2. The roller skate of claim 1 wherein said transverse axis supporting said beam relative to the bottom side of said platform is disposed at a point midway between said transverse axes supporting said pair of trucks.

3. A tandem roller skate comprising:

a support platform,

a longitudinally extending beam having an intermediate portion pivoted to an underside of said platform for tilting movement about a first transverse axis,

means resiliently resisting said tilting movement including an elastomeric element supported on a transverse member spaced from said first transverse axis,

a first truck member including a pair of wheels supported in tandem,

a second truck member including a pair of wheels supported in tandem,

said first truck member being pivoted to a forward end of said beam for tilting movement about a second transverse axis disposed between the wheels of said first truck member,

a second truck member pivoted to the rearward end of said beam for tilting movement about a third transverse axis disposed between the wheels of said second truck member,

said wheels, truck members and beam being disposed substantially in a common plane whereby upward movement of any one wheel is distributed to the other wheel associated with the same truck member and from that truck member through said beam to the other of said truck members for uniform distribution of the load imposed on said platform.
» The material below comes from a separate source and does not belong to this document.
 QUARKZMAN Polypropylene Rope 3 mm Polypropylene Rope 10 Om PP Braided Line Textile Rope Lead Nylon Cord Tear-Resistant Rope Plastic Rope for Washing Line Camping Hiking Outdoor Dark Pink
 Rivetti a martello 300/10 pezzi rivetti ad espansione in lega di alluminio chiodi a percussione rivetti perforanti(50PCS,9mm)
4. The roller skate of claim 3 wherein said elastomeric element is confined within a tubular member forming a unitary portion of said beam.

5. A roller skate comprising:

a frame for supporting a skater's shoe,

a longitudinally extending beam assembly pivoted to said frame for limited tilting movement about a first transverse axis,

means resiliently resisting said tilting movement including a generally tubular resilient member spaced from said first axis and mounted on an element extending transversely of said beam,

a first sub-frame having an intermediate portion pivoted to a forward end of said beam for tilting movement about a second transverse axis,

a second sub-frame having an intermediate portion pivoted to a rearward end of said beam for tilting movement about a third transverse axis.
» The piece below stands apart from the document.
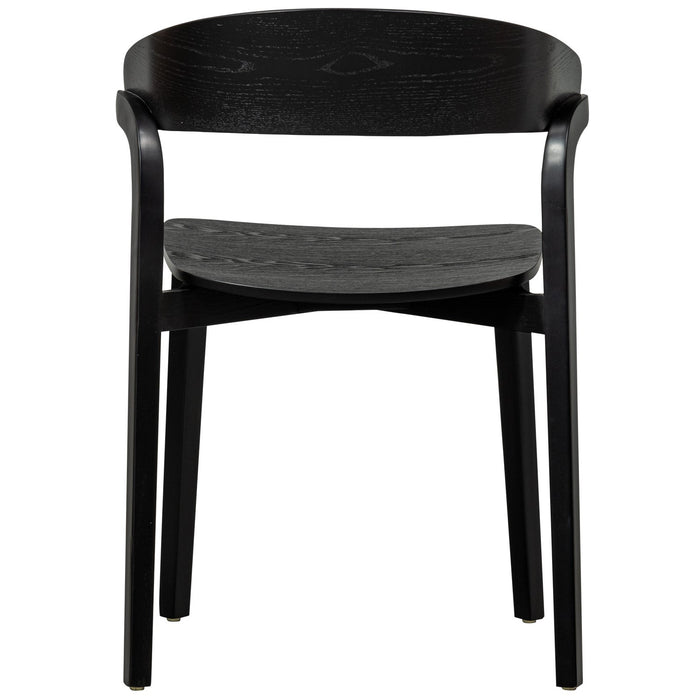 WOOOD Cras Eetkamerstoelen - Essenhout - Zwart - Set van 6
a pair of wheels supported at opposite ends of said first sub-frame for rotation about fourth and fifth axes, respectively,

a pair of wheels supported at opposite ends of said second subframe for rotation about a sixth and seventh axes, respectively,

all of said axes being disposed substantially parallel to each other and all of said wheels being rotatable in a common plane.

6. The combination of claim 5 wherein said first, second and third axes are spaced substantially uniformly from each other.

7. The combination of claim 5 wherein said first through said seventh axes are spaced substantially uniformly relative to each other.

8. The combination of claim 5 wherein said first through said seventh axes are disposed in a substantially horizontal plane when said wheels are disposed on a level surface.

9. The combination of claim 5 wherein said resilient member is confined within a tubular member extending transversely of said beam and rigidly connected to said beam.

10. The combination of claim 5 further comprising a brake member attached to said frame and including a portion engageable with one of said wheels for frictionally resisting rotation thereof in response to tilting movement of said frame relative to said beam assembly.

11. The combination of claim 10 wherein said brake member is engageable with a rear wheel of said skate upon elevation of a forward end of said frame.

12. The combination of claim 10 wherein said brake member is engageable with a forward wheel of said skate upon elevation of the heel of said skater.